(Stored data entries)

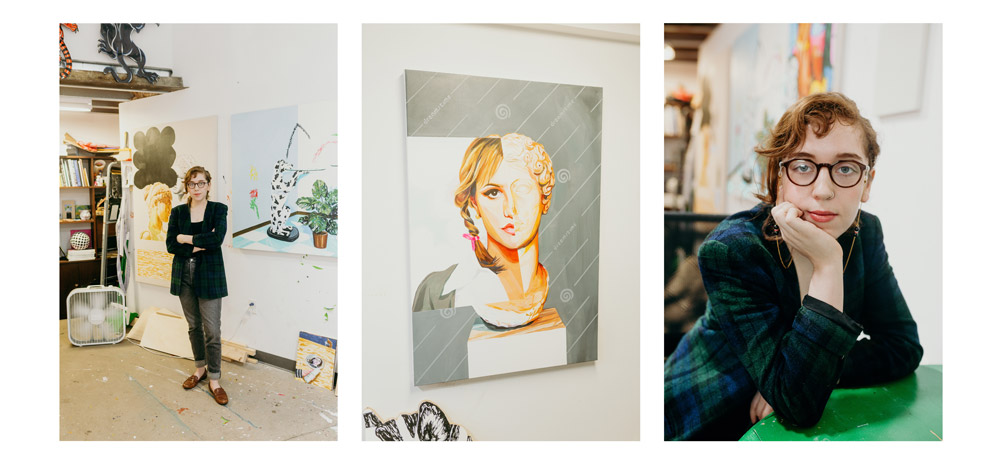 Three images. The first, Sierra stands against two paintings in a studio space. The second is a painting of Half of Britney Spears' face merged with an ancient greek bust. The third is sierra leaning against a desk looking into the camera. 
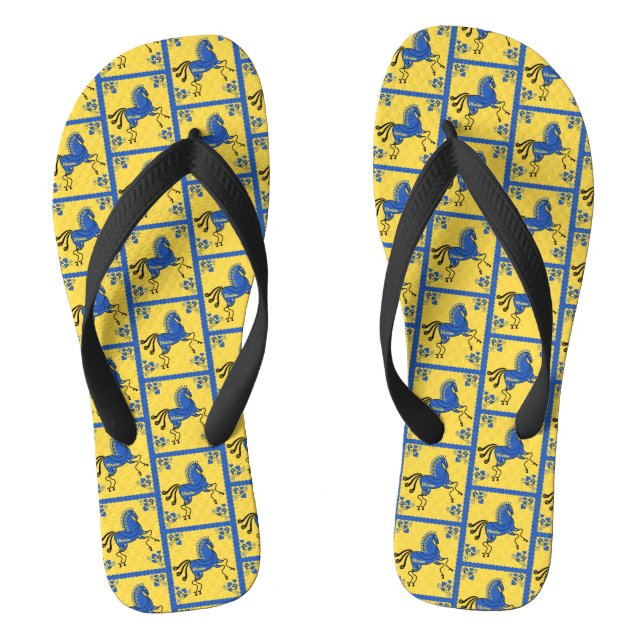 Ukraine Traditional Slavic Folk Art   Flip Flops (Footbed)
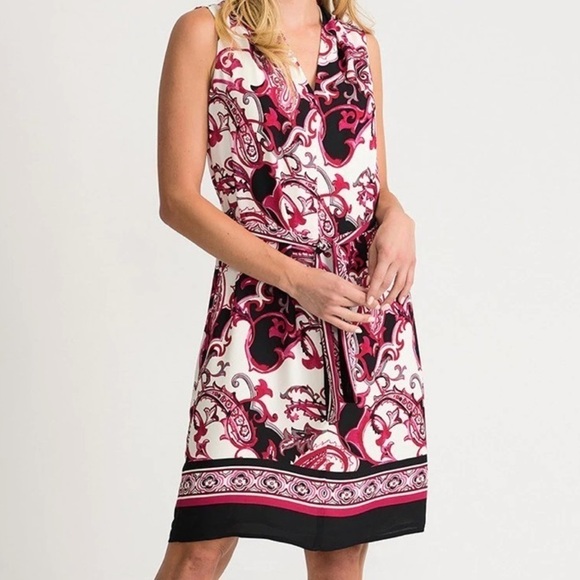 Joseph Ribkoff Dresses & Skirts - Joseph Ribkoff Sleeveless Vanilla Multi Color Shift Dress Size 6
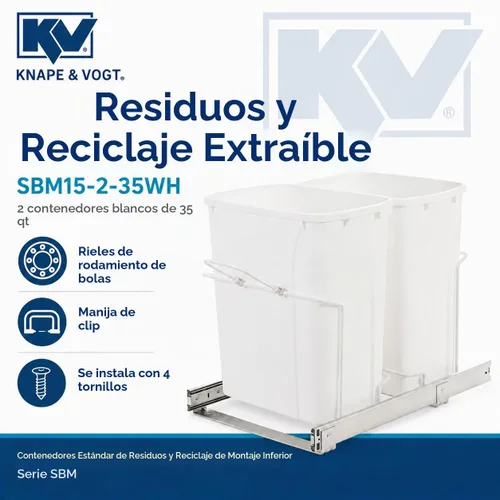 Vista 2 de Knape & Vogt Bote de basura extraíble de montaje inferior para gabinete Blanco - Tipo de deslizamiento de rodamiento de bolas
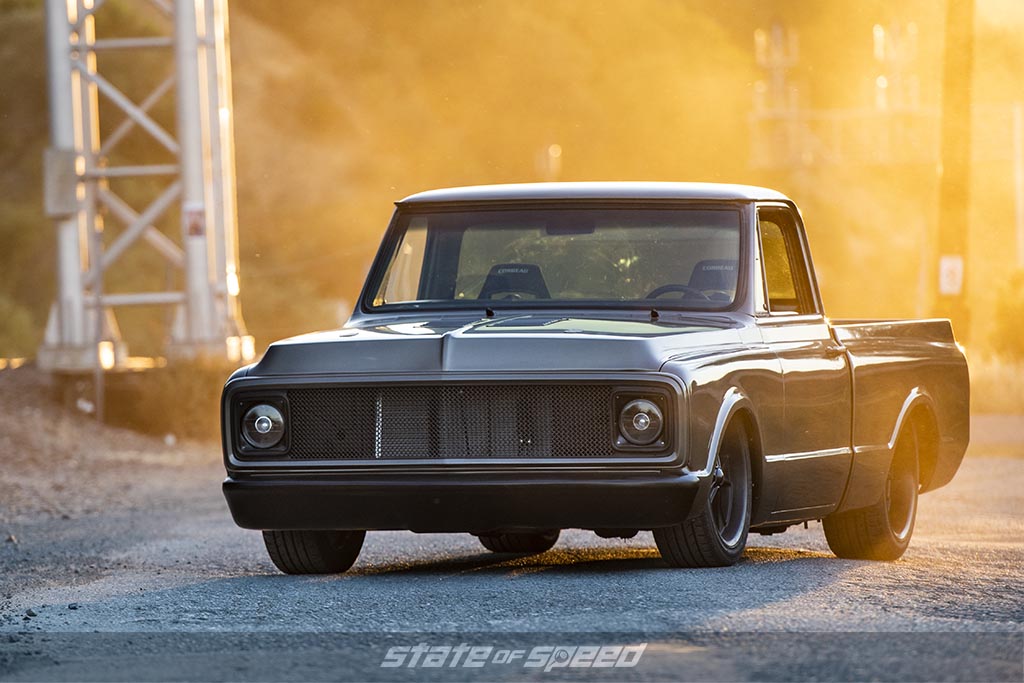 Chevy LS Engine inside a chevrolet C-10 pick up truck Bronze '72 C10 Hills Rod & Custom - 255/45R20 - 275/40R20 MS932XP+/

TASK DETAILS —
All lines from the one containing "Joseph Ribkoff Dresses" through the final line of the entries above are to be copied exactly; the pictures are not.

EXERCISE RESPONSE —
 Joseph Ribkoff Dresses & Skirts - Joseph Ribkoff Sleeveless Vanilla Multi Color Shift Dress Size 6
 Vista 2 de Knape & Vogt Bote de basura extraíble de montaje inferior para gabinete Blanco - Tipo de deslizamiento de rodamiento de bolas
 Chevy LS Engine inside a chevrolet C-10 pick up truck Bronze '72 C10 Hills Rod & Custom - 255/45R20 - 275/40R20 MS932XP+/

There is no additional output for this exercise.